トラブルシューティングガイド
スパニングツリー機能を使用し,レイヤ2通信の障害,またはスパニングツリーの運用状態がネットワーク構成どおりでない場合,次の表に示す解析方法に従って原因の切り分けを行ってください。マルチプルスパニングツリーの場合は,CISTまたはMSTインスタンスごとに確認をしてください。

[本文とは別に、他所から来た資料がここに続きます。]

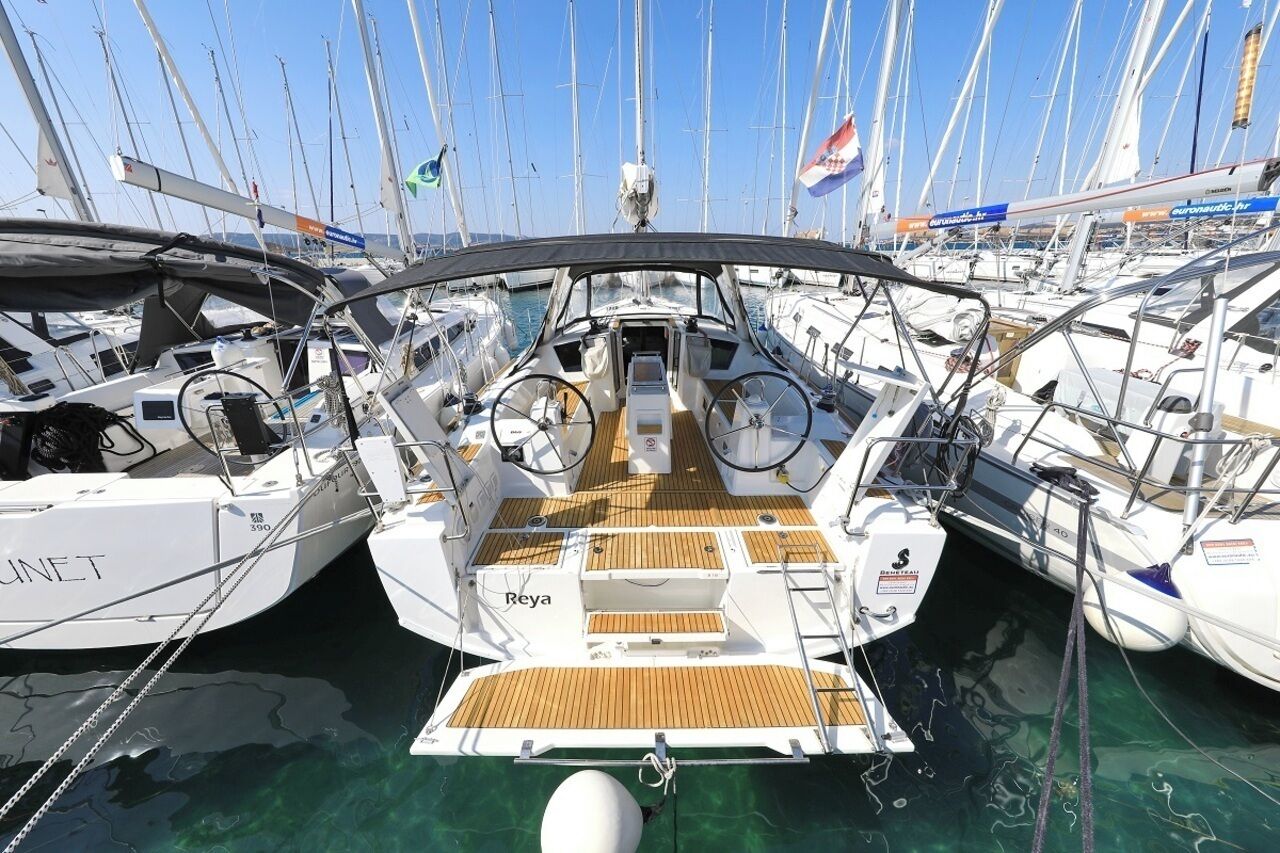 A marina with multiple sailboats docked, featuring a wooden deck, a steering wheel, and the name 'Reya' on the bow.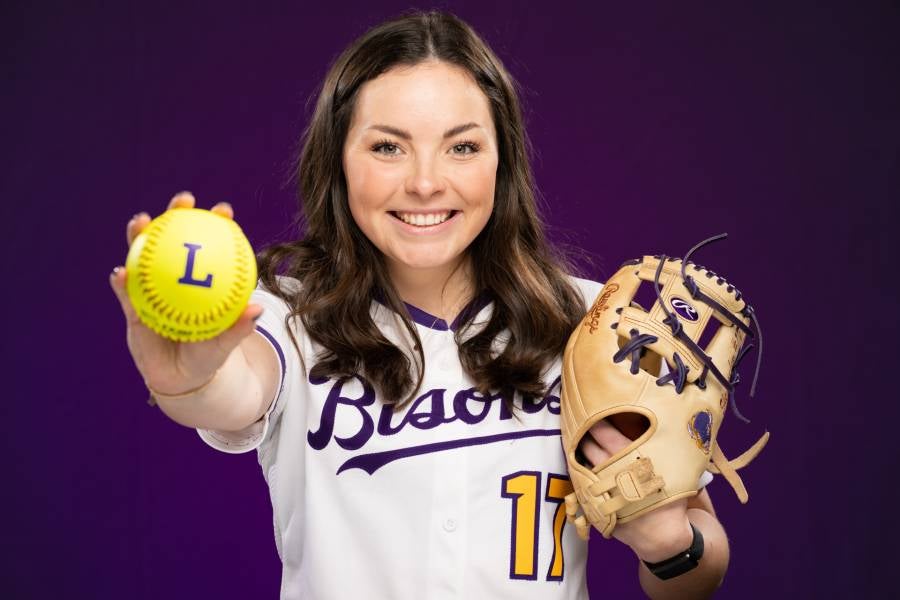 Elise Shewmaker holding a softball and glove.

例えば,ルートブリッジに関して確認するときは,CISTのルートブリッジまたはMSTインスタンスごとのルートブリッジと読み替えて確認してください。
表3-15 スパニングツリーの障害解析方法
項番 確認内容・コマンド 対応 1 障害となっているスパニングツリーに対してshow spanning-treeコマンドを実行し,スパニングツリーのプロトコル動作状況を確認してください。 Enableの場合は項番2へ。 Ring ProtocolとPVST+を共存動作させているとき,対象VLANのツリー情報が表示されていない場合は項番7へ。 Disableの場合はスパニングツリーが停止状態になっているためコンフィグレーションを確認してください。 Ring Protocolとマルチプルスパニングツリーが共存動作している場合は項番8へ。 PVST+数が収容条件内に収まっているかを確認してください。 2 障害となっているスパニングツリーに対してshow spanning-treeコマンドを実行し,スパニングツリーのルートブリッジのブリッジ識別子を確認してください。 ルートブリッジのブリッジ識別子がネットワーク構成どおりのルートブリッジになっている場合は項番3へ。 ルートブリッジのブリッジ識別子がネットワーク構成どおりのルートブリッジでない場合は,ネットワーク構成,コンフィグレーションを確認してください。 3 障害となっているスパニングツリーに対してshow spanning-treeコマンドを実行し,スパニングツリーのポート状態,ポート役割を確認してください。 スパニングツリーのポート状態,ポート役割がネットワーク構成どおりになっている場合は項番4へ。 Ver.10.6より前の場合:
ループガード機能を適用しているポートのポート状態がBlockingまたはDiscardingの場合は,そのポートが指定ポートではないか確認してください。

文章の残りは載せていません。